Jonesin' untimed (Derek) 


LAT 3:44 (Derek) 


NYT 3:32 (Amy) 


WSJ 5:38 (Laura) 


Xword Nation untimed (janie) 


Elizabeth C. Gorski’s Crsswrd Nation puzzle (Week 348), “It’s Just a Matter of Time”—Janie’s take

Crossword Nation 1/30 (No. 348)

What we have today is a very straightforward kind of theme and execution. If, because of that, the theme plays as less than fully-satisfying for the experienced solver, it’s pretty much spot on for newbies. Each of the four themers gives us a two-word phrase in which one word is also a measure of time—but used here in a non-time-measurement context. There’s some humor to be enjoyed in the clues, all of which end with a question mark, because of the punny use of “timely” appearing in each. Comme ça:

  • 17A. [Timely purchases by some vacationers?] SECOND HOMES.
  • 28A. [With “The,” timely play by Lillian Hellman?] CHILDREN’S HOUR.
  • 48A. [Timely acquisition by a luxury car driver?] TOYOTA CENTURY.
  • 63A. [Timely chophouse order?] MINUTE STEAK. Hmmm. This one may not be completely kosher. Yes, MINUTE STEAK is a particular (thin-sliced) cut of beef, but it takes its name from the brief cooking time required before serving.

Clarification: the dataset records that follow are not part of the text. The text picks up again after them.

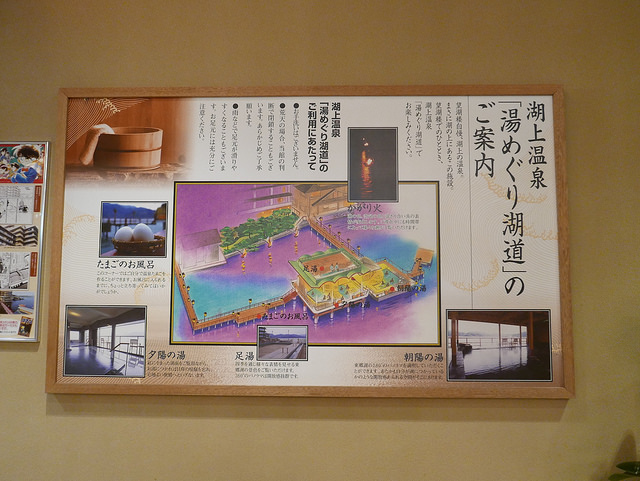 鳥取 羽合溫泉飯店：柯南漫畫景點．湖畔露天溫泉-望湖樓 @右上世界食旅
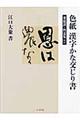 色紙漢字かな交じり書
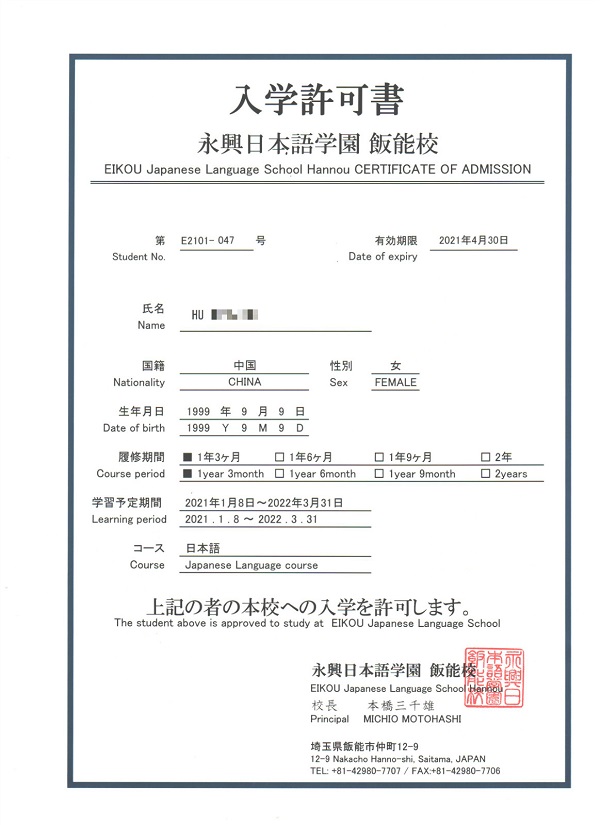 1609208525762875.jpg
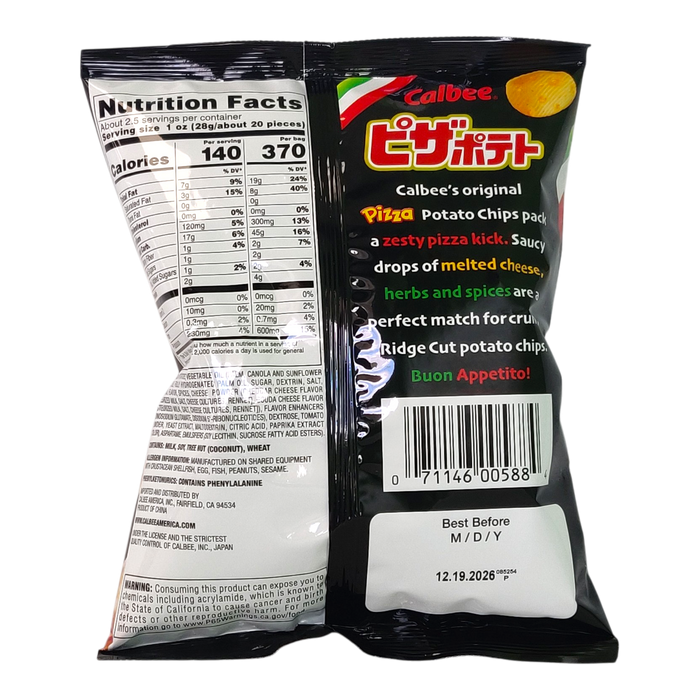 Calbee Pizza Chip 72g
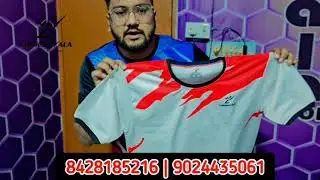 kabaddi Jersey Manufacturing | Sports Kabaddi Jersey wholesale | On demand Kabaddi kit available✅️✅️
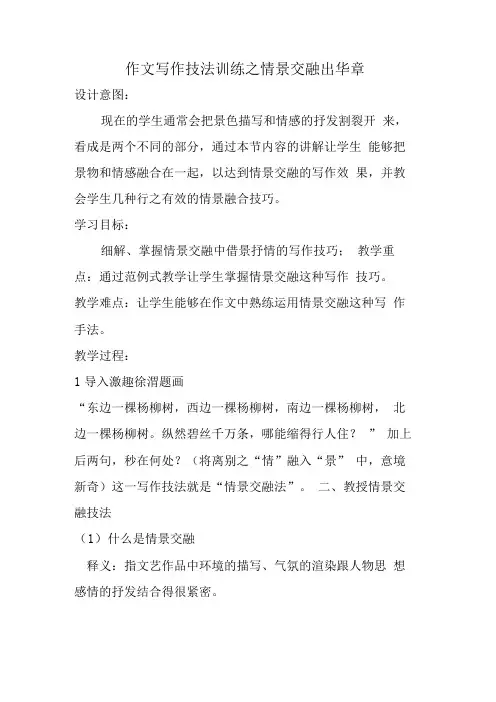 作文写作技法训练之情景交融出华章(1)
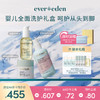 【套组】【礼盒】Evereden安唯伊婴儿全身护理3件套 高保湿面霜50ml+低泡洗沐251ml/无香身体乳200ml+抚触按摩精华油118ml/无香身体乳200ml 商品缩略图2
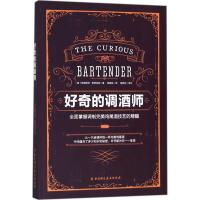 正版新书]好奇的调酒师:全面掌握调制完美鸡尾酒技艺的精髓特里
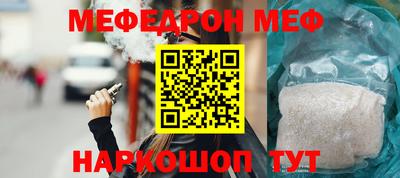 a pvp Бийск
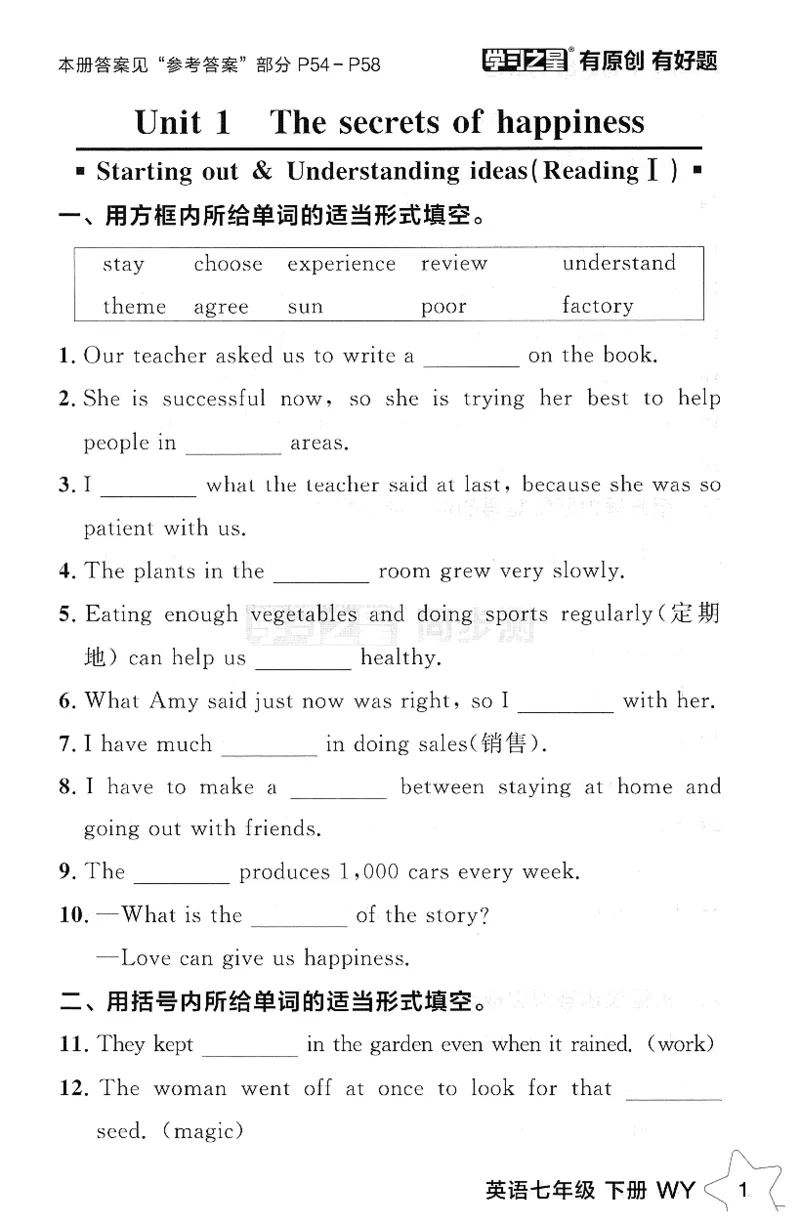 2026春课时基础测_七下外研版2026英语_2026春_赠送：教辅合集_2026春同步测+课时基础测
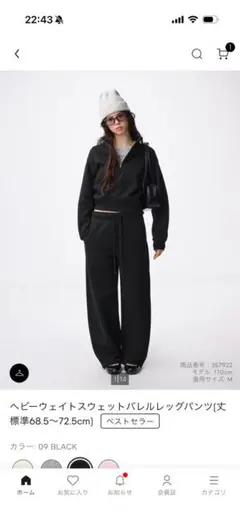 ヘビーウェイトスウェットバレルレッグパンツ　ブラック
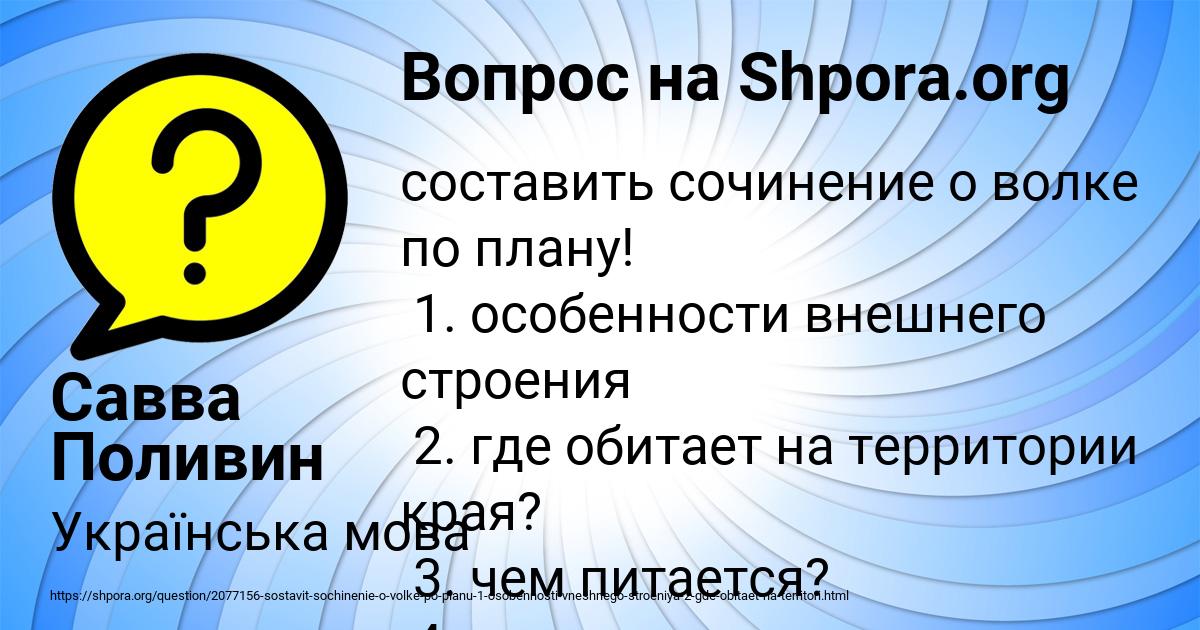 Картинка с текстом вопроса от пользователя Савва Поливин
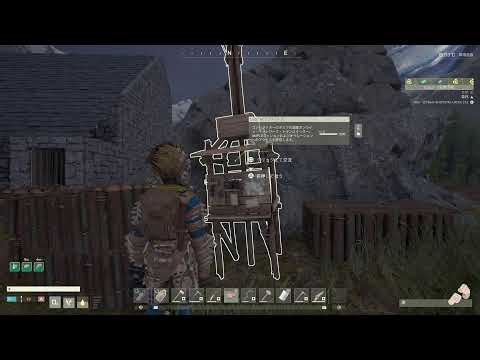 PS5 Icarus イカルス はじめてのミッションやってみます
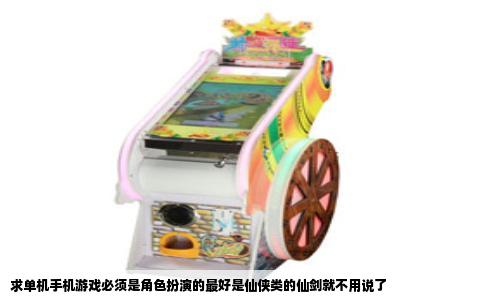 求单机手机游戏必须是角色扮演的最好是仙侠类的仙剑就不用说了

Thus we get a second, an hour, a century and a minute. I wish… the theme set were tighter/more consistent, that (for the sake of internal elegance) the “time” elements appeared from shortest to longest (or vice-versa), and that century were swapped out for day—because that big leap from hour to century is hard for me to make sense of in this short sequence. So. Not a most exemplary theme set. Imho. But: I found there was a lot to like in the remainder of the puzzle, and this is where the real gold is today. Imho.

For starters, those two long downs: the vernacular and colorful IDIOT-PROOF, clued self-deprecatingly with [Simple to use (even a crossword constructor can figure it out)]; and its grid-opposite, the high-dudgeon and equally colorful [Cry of indignation] “HOW DARE YOU!”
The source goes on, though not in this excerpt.